## Crawled caption data:
• • • • • • •
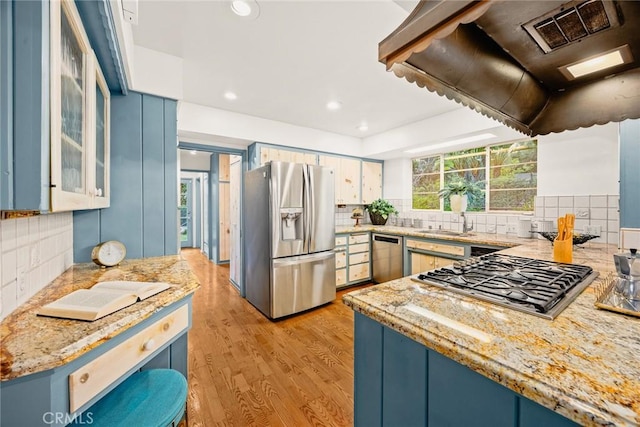 kitchen featuring light wood finished floors, glass insert cabinets, appliances with stainless steel finishes, light stone counters, and blue cabinetry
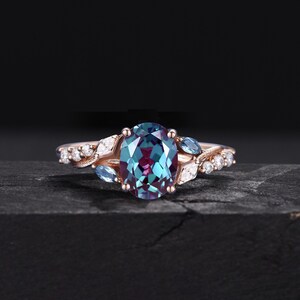 May include: A rose gold ring with an oval-shaped alexandrite gemstone surrounded by smaller diamonds and blue topaz stones. The ring features a delicate, leaf-like design.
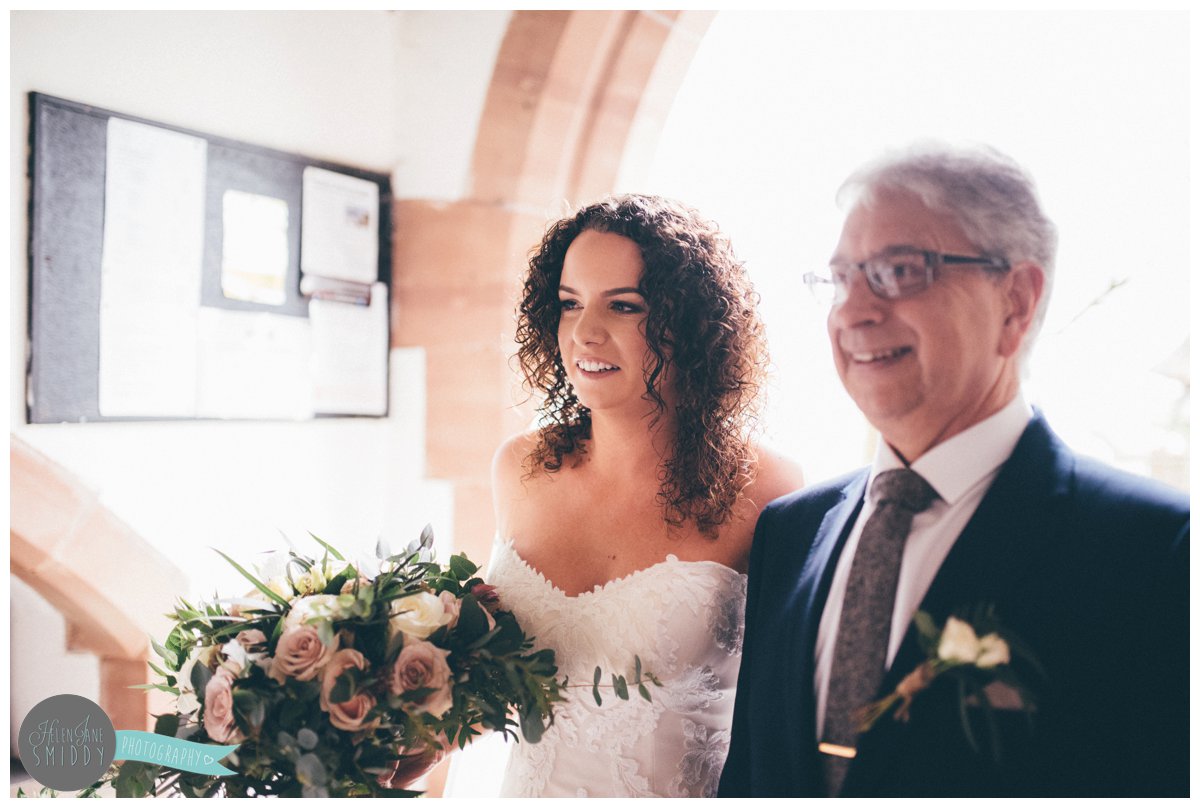 The bride smiles with her father before they walk down the aisle together.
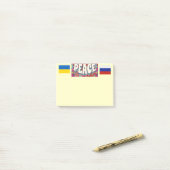 Notes post-it de la paix (Sur un bureau)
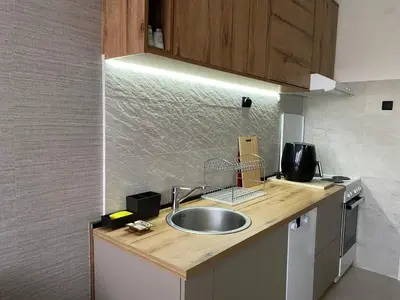 a kitchen with a sink and a counter top at Original Sunny place in Podgorica
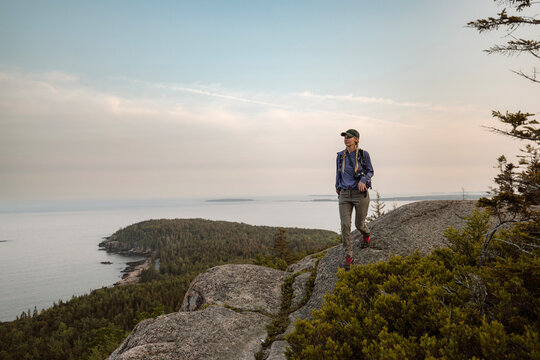 Solo woman hikes along ridge with view, Acadia National Park, Maine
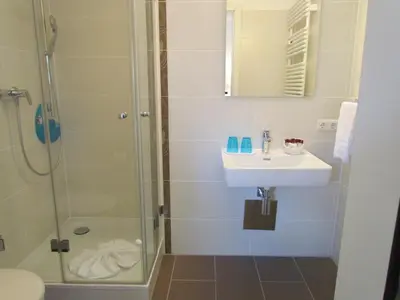 Ein Badezimmer in der Unterkunft AMENITY-Garden-Apartments
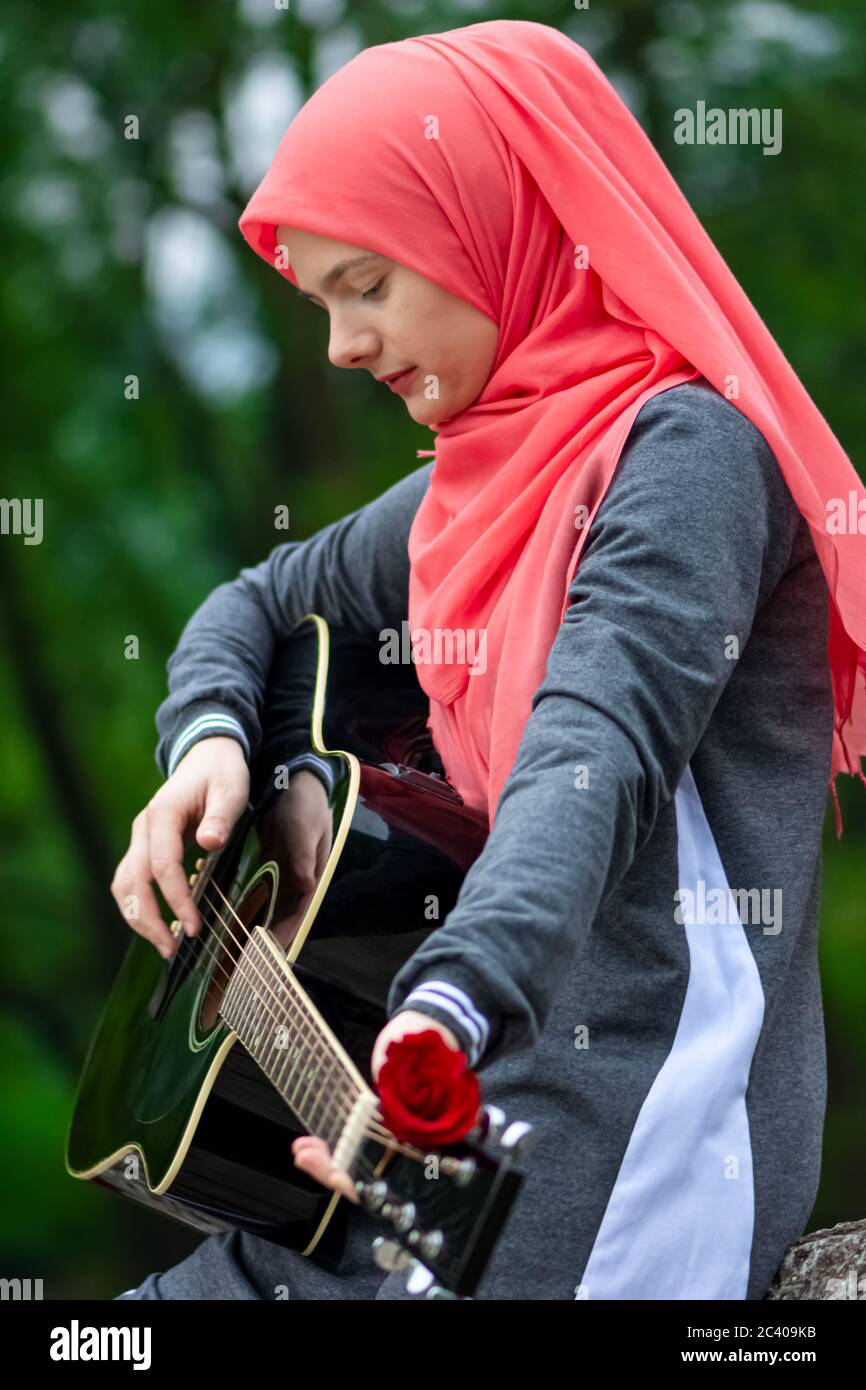 Portrait of pretty Muslim girl trying to play guitar Stock Photo ...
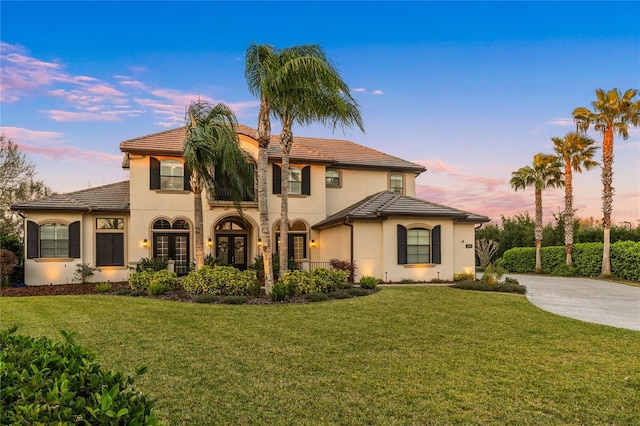 view of front of house featuring concrete driveway, a tiled roof, french doors, a front lawn, and stucco siding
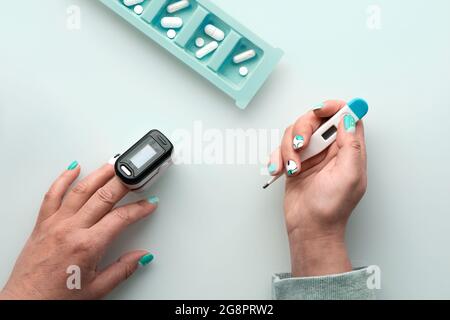 Patientenhände mit Pillen und Pulsoximeter, digitales Fingergerät zur Messung der Sauerstoffsättigung in der Lunge. Reife kaukasische weibliche Hand. Reduziert Stockfoto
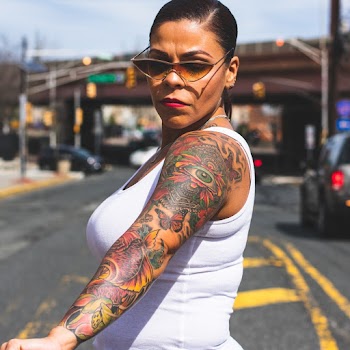 Woman Standing Wearing White Tank Top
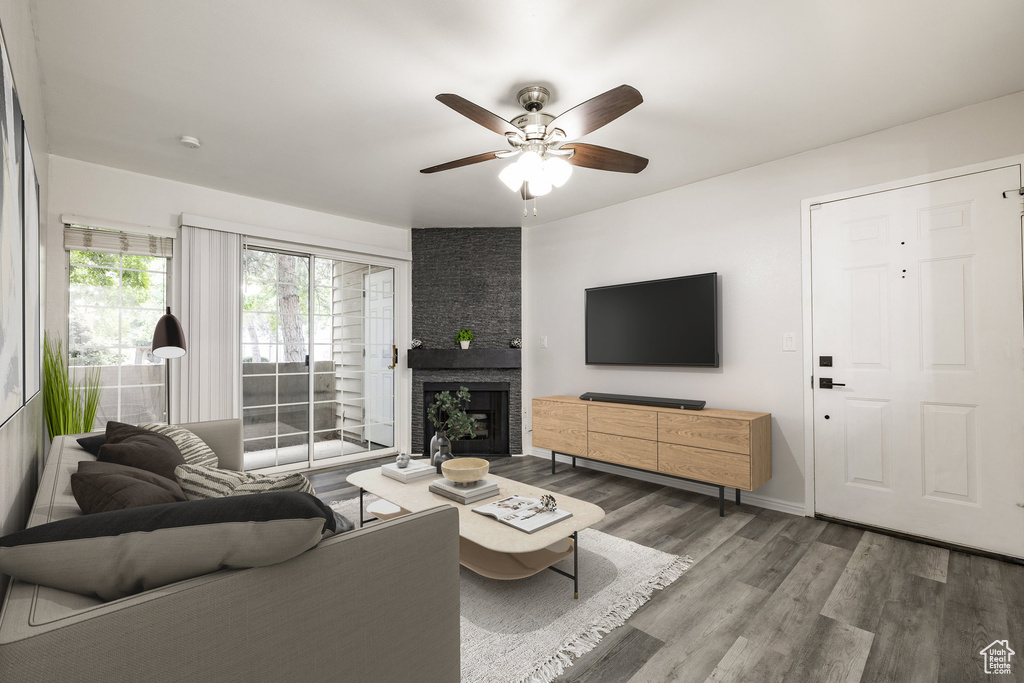 Living area featuring wood finished floors, ceiling fan, and a fireplace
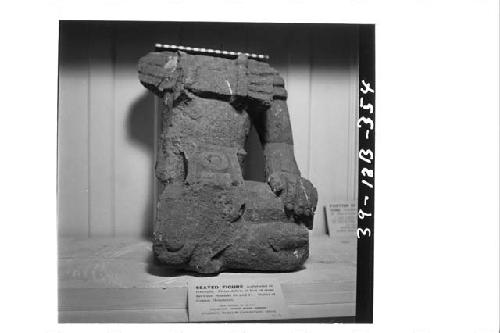 Seated stone figure from debris of Mounds 26 and 11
• • • • • • •
## Task statement:
An exact copy of all the records is required, with the pictures omitted.

## Written solution:
 kitchen featuring light wood finished floors, glass insert cabinets, appliances with stainless steel finishes, light stone counters, and blue cabinetry
 May include: A rose gold ring with an oval-shaped alexandrite gemstone surrounded by smaller diamonds and blue topaz stones. The ring features a delicate, leaf-like design.
 The bride smiles with her father before they walk down the aisle together.
 Notes post-it de la paix (Sur un bureau)
 a kitchen with a sink and a counter top at Original Sunny place in Podgorica
 Solo woman hikes along ridge with view, Acadia National Park, Maine
 Ein Badezimmer in der Unterkunft AMENITY-Garden-Apartments
 Portrait of pretty Muslim girl trying to play guitar Stock Photo ...
 view of front of house featuring concrete driveway, a tiled roof, french doors, a front lawn, and stucco siding
 Patientenhände mit Pillen und Pulsoximeter, digitales Fingergerät zur Messung der Sauerstoffsättigung in der Lunge. Reife kaukasische weibliche Hand. Reduziert Stockfoto
 Woman Standing Wearing White Tank Top
 Living area featuring wood finished floors, ceiling fan, and a fireplace
 Seated stone figure from debris of Mounds 26 and 11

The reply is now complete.